Jennifer Scappettone is a poet, translator, and scholar, the author of the poetry collection From Dame Quickly (Litmus, 2009) and of several chapbooks: Beauty [Is the New Absurdity] (dusi/e chap kollektiv, 2007), Err-Residence (Bronze Skull, 2007), and Thing Ode / Ode oggettuale (La Camera Verde, 2008), translated into Italian in dialogue with Marco Giovenale. Exit 43, an archaeology of the landfill and opera of pop-up pastorals, is in progress for Atelos Press, with a letterpress fragment forthcoming from Compline Press. She edited and translated Locomotrix: Selected Poetry and Prose of Amelia Rosselli (University of Chicago Press, 2012), which won the Academy of American Poets' biennial Raiziss/De Palchi Book Award. She edited Belladonna Elders Series #5: Poetry, Landscape, Apocalypse (Belladonna, 2009), featuring her pop-ups and prose and new writing by Etel Adnan and Lyn Hejinian. Her poetry is featured in a range of anthologies, including Novas Poéticas de Resistência/Poetics of Resistance, edited by Graça Capinha, Emergency Index, a documentary performance anthology (Ugly Duckling Presse, 2012), La alteración del silencio: Poesía norteamericana reciente (Das Kapital, 2010), and The Best American Poetry 2004 (Scribner, 2004). Recent collaborative projects include sonic performances of Exit 43 with the Difforme Ensemble (Marco Ariano, Renato Ciunfrini, Roberto Fega); the performance work PARK, under development with choreographer Kathy Westwater and architect Seung Jae Lee and presented in 2010-12 at Dance Theater Workshop, Reed College, LentSpace, and Fresh Kills Landfill; and X Locus, twinned installations for the courtyard and tract of Trajan’s aqueduct at the American Academy in Rome, designed with AGENCY Architecture (Ersela Kripa and Stephen Mueller) and composer Paul Rudy, in 2011. Killing the Moonlight: Modernism in Venice, her critical study of the premodern city as a crucible for twentieth-century experimentation across literature, politics, the visual arts, architecture, and urbanism, is forthcoming from Columbia University Press.

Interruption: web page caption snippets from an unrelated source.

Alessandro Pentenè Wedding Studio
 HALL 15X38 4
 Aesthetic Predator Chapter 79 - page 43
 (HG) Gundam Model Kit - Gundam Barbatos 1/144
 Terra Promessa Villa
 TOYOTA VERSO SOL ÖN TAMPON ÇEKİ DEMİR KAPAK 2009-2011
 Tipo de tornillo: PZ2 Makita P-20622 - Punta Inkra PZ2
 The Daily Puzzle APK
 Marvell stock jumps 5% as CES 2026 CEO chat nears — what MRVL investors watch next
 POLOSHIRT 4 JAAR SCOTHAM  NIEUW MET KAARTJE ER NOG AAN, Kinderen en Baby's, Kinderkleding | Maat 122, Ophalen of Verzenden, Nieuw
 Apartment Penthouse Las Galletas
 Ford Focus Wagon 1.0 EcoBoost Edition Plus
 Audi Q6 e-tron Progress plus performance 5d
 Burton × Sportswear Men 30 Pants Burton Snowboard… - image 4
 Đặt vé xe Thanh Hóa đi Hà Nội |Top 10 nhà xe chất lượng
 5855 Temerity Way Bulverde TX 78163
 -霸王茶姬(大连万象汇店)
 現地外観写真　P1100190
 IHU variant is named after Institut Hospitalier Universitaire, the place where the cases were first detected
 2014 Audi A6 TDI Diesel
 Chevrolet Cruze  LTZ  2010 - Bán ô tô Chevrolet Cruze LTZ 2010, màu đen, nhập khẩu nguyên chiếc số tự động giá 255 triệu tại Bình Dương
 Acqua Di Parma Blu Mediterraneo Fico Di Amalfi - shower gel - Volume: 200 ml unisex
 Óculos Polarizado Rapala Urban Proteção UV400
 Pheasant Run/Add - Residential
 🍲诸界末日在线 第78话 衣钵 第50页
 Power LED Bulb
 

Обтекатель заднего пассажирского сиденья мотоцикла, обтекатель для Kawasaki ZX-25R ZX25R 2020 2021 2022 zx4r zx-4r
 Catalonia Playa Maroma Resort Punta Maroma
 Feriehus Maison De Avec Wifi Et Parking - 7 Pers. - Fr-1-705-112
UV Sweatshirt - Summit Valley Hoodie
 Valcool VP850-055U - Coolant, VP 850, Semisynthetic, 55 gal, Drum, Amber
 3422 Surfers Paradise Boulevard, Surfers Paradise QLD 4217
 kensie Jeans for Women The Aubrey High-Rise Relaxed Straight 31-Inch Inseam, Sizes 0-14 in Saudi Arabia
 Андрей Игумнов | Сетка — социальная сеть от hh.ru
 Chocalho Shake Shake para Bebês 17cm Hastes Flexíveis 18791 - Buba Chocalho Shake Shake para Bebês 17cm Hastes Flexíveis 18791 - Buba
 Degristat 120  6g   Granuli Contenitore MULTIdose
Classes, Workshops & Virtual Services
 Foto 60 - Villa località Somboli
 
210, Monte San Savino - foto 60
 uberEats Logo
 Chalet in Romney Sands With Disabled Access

Vu Tran’s fiction has appeared in the O. Henry Prize Stories, the Best American Mystery Stories, A Best of Fence, The Southern Review, Harvard Review, and other publications. He has received honors from Glimmer Train Stories and the Michigan Quarterly Review, and is a recipient of a 2009 Whiting Writers’ Award and a 2011 Finalist Award for the Vilcek Prize for Creative Promise. His first novel, Dragonfish, will be published by WW Norton in August 2015. Born in Vietnam and raised in Oklahoma, Vu received his MFA from the Iowa Writers’ Workshop and his PhD from the University of Nevada, Las Vegas, where he was a Glenn Schaeffer Fellow in fiction at the Black Mountain Institute.
John Wilkinson's most recent books of poetry are Reckitt's Blue (2013) and Down to Earth (Salt 2008). Born in London and educated at Cambridge, he worked in mental health services in the industrial West Midlands, South Wales and the East End of London before moving to the University of Notre Dame as Writer in Residence in 2005. He joined the English Department at Chicago in 2010. As well as nine books of poetry and several chapbooks, he has also published a critical collection, The Lyric Touch (Salt 2007) and critical essays on modernist and contemporary British and American poetry.